Simpson's rule, did I do it right?

I did this problem and I'm hoping it's correct, but I want to be sure as I have no answer key at hand. It's a fun little problem that involves Simpson's rule. Here it goes:

Quote:

You are the game warden in your town and are responsible for stocking the local lake prior to the opening of the fishing season. The average depth of the lake is 20 feet. Your plan is to stock the lake with 1 fish per 1000 cubic feet, and have approximately 25% of the original fish population remaining at the end of the season.

What is the maximum number of fishing licenses that can be sold if the average catch is 20 fish per license?

I am given that (b-a)/n = 200ft where n = 8.

So here is my calculus using Simpson's where I calculate the area of the lake:

(200/3) * (0 + 4(200) + 2(400) + 4(600) + 2(800) + 4(1000) + 2(1200) + 4(1400) + 1600) = 1,280,000 ft^2

Given average depth was 20ft. So...

20 * 1,280,000 = 25,600,000 ft^3 = volume

1 fish per 1000 cubic feet

25,600,000 / 1000 = 25,600 fish in the lake.

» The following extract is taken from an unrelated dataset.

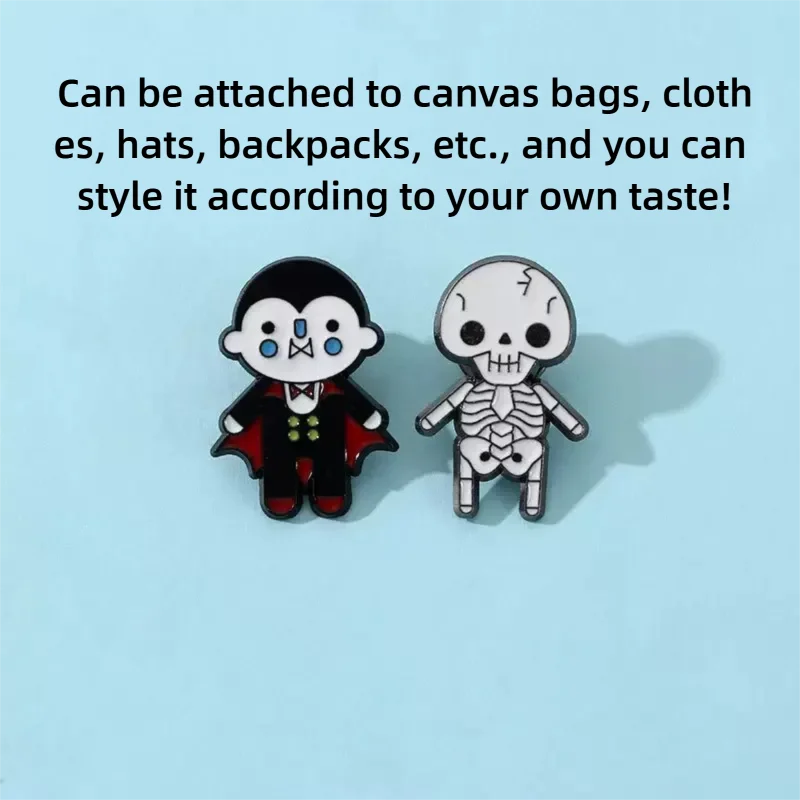 Heye 할로윈 뱀파이어와 해골 호러 브로치 배지 (옷, 모자, 가방, 배낭, 액세서리 및 선물용)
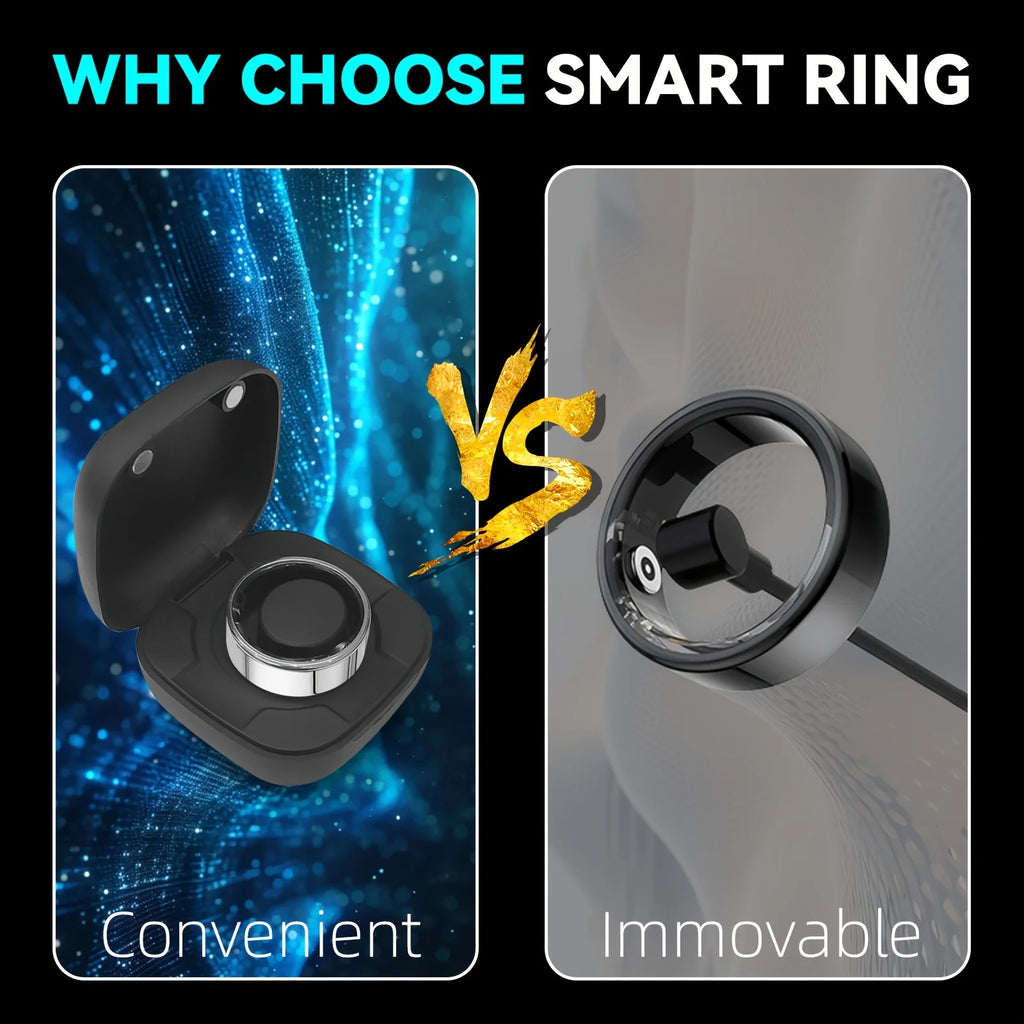 Smart Rings Steps Heart Rate Blood Oxygen Saturation Sleep Distance Calories IP68 Smart Ring Waterproof Multi-sport Mode Tracker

25% of 25,600 = 6400 = the amount of fish that need to remain.

75% of 25,600 = 19,200 = the amount of fish to be fished out.

Average catch is 20 fish per person, so..

19200 / 20 = 960 licenses per season allowed = answer to original question.

So again.. I'm wondering if I did this right. I hope I didn't screw up on the calc portion.